Re: Comments on Presentation Notes Request.

"Tim Visher" <tim.visher@xxxxxxxxx> · Wed, 7 Jan 2009 11:11:43 -0500

Thanks for the suggestions so far.  I've updated the notes.

@Peff: Thanks especially for pointing me towards Junio's
presentatation.  That's an excellent source.

Here's the patch for your suggestions:

diff --git a/scmOutline.txt b/scmOutline.txt
index 1791fa0..d25198c 100644
--- a/scmOutline.txt
+++ b/scmOutline.txt
@@ -1,4 +1,4 @@
-SCM: Distributed, Centralized, and Everything in Between.

+SCM: Centralized, Distributed, and Everything in Between.



 * What is SCM and Why is it Useful?



@@ -20,7 +20,11 @@ Not only is it unlimited, but it's random access.
If you changed a function a w


 Many people can edit the same code base at the same time and know,
without a doubt, that when they pull all those changes together, the
system will merge the content intelligently or inform you of the
conflict and let you merge it.  You don't need to lock files.
Obviously, if there is bad coordination then the possibilities of
conflicts rise, but this should not happen regularly.



-*** Diff Debugging

+*** Software Archeology

+

+With a proper SCMS, it becomes a somewhat trivial operation to
discover the author and reasons for a given change.  This is because
of the rich metadata associated with commits (author, date, complete
change set, diffs, and commentary).  So rather than wandering asking
if anyone remembers doing something and why, you simply commit that
information into the system and then refer to it when you need to.

+

+**** Diff Debugging



 You can find where a bug was introduced by learning how to reproduce
the bug and then doing a binary chop search back through the History
to come to the exact commit that introduced the bug.



@@ -30,11 +34,11 @@ You can find where a bug was introduced by
learning how to reproduce the bug and


 The more you commit, the more fine grained control you have over the
undo feature of SCM.  Most documents that I have read suggested a TDD
approach wherein you commit whenever you have written just enough code
for your test to pass. But...



-** Don't Commit Broken Code (To the Public Tree)

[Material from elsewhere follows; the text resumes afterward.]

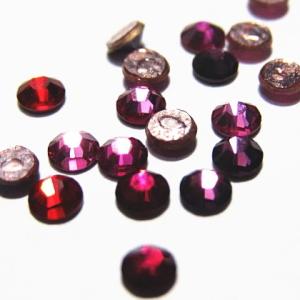 13311-swarovski　エレメント　＃2028　PASSION　ｓｓ10　２．８mm　２０個...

+** Don't _Publish_ Broken Code



 Of primary concern is the fact that your central HEAD should _always_
build.  This is why practices like Continuous Integration and TDD are
so important.  TDD gives you the freedom to be sure that a change you
made hasn't broken anything you weren't expecting it to break.
Continuous Integration allows you to be sure that your whole system
will build every time.  Thus, you should _never_ commit broken code to
the (public) tree.



-Of course, in a centralized system, committing is intrinsically
public.  Even on branches, every time you commit any sort of change,
everyone is able to see it and so you could be breaking the build for
someone (even if it's just yourself and the build system).  One of the
nice features of a distributed system is that your public/private
ontology is much richer and thus allows you to have broken code in
your SCMS.

+Of course, in a centralized system, committing is intrinsically
public.  Even on branches, every time you commit any sort of change,
everyone is able to see it and so you could be breaking the build for
someone (even if it's just yourself and the build system).  One of the
nice features of a distributed system is that your public/private
ontology is much richer and thus allows you to have broken code in
your SCMS, so long as you haven't published it, at no penalty to
anyone but yourself.



 ** Whole Hog



@@ -130,7 +134,9 @@ Once you've published, however, not much changes.
Almost everything except upda


 *** Natural Backup



-Because every developer has a copy of the repository, every developer
you add adds an extra failure point.  The more developers you have,
the more backups you have of the repository.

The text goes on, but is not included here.